** TRY IT **
Set down the data again word for word. Skip any pictures.

** INPUT DATA **
=== Section Start ===
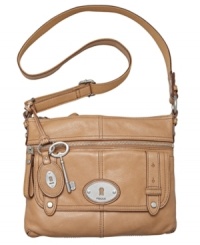 Get up and go with this organized leather crossbody by Fossil featuring silvertone lock and key accents. With plenty of pockets both inside and out, everything will be in its place and ready to go when your next adventure comes calling.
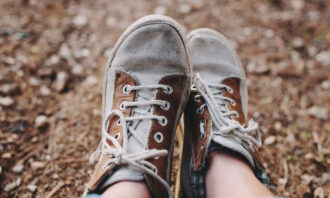 Sepatu Tua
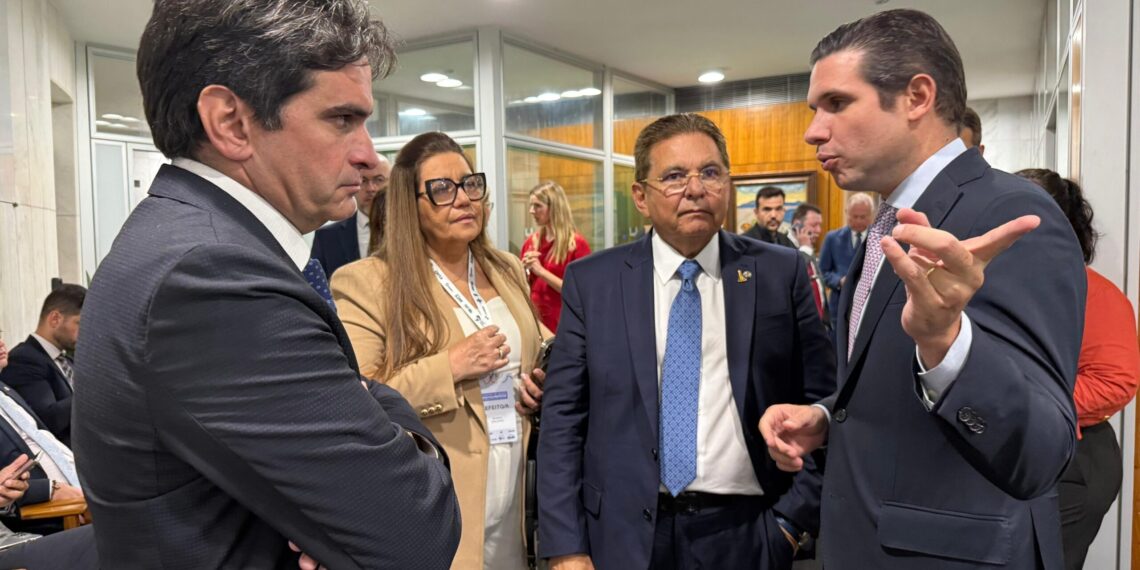 Adriano é recebido por Hugo Motta na presidência da Câmara para tratar de ações para o estado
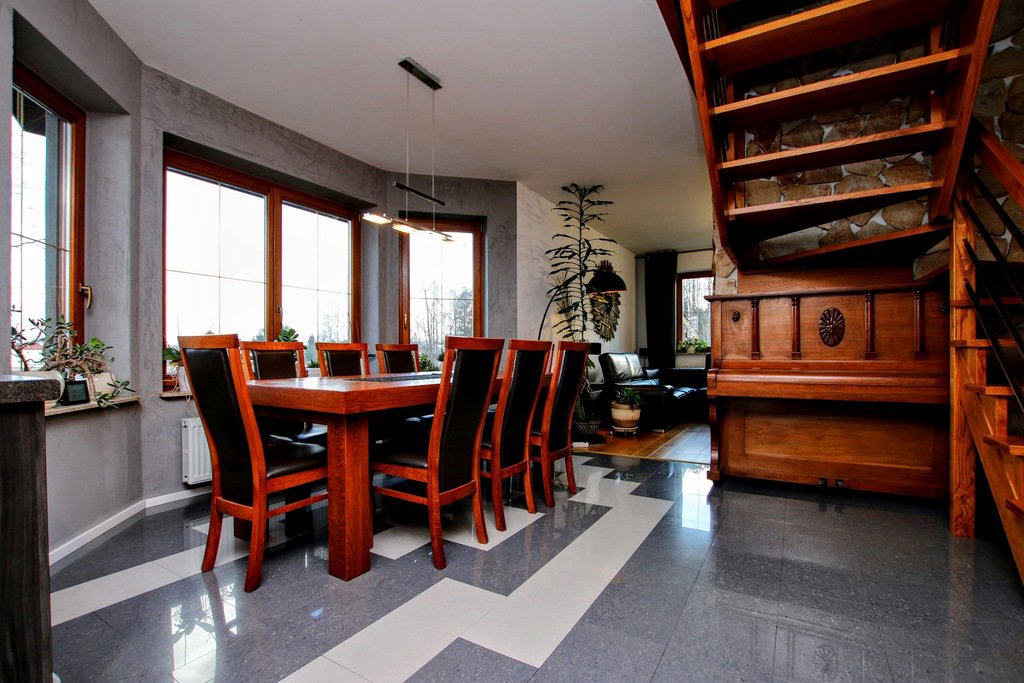 stylowy dom, duża działka, zaciszna okolica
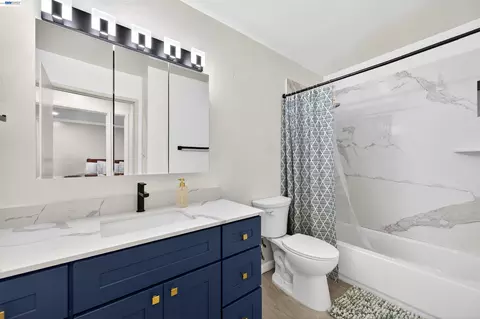 Bath - 355 Parkview Ter #B9, Vallejo, CA 94589 photo 1 of 1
=== Section End ===
** RESULT **
 Get up and go with this organized leather crossbody by Fossil featuring silvertone lock and key accents. With plenty of pockets both inside and out, everything will be in its place and ready to go when your next adventure comes calling.
 Sepatu Tua
 Adriano é recebido por Hugo Motta na presidência da Câmara para tratar de ações para o estado
 stylowy dom, duża działka, zaciszna okolica
 Bath - 355 Parkview Ter #B9, Vallejo, CA 94589 photo 1 of 1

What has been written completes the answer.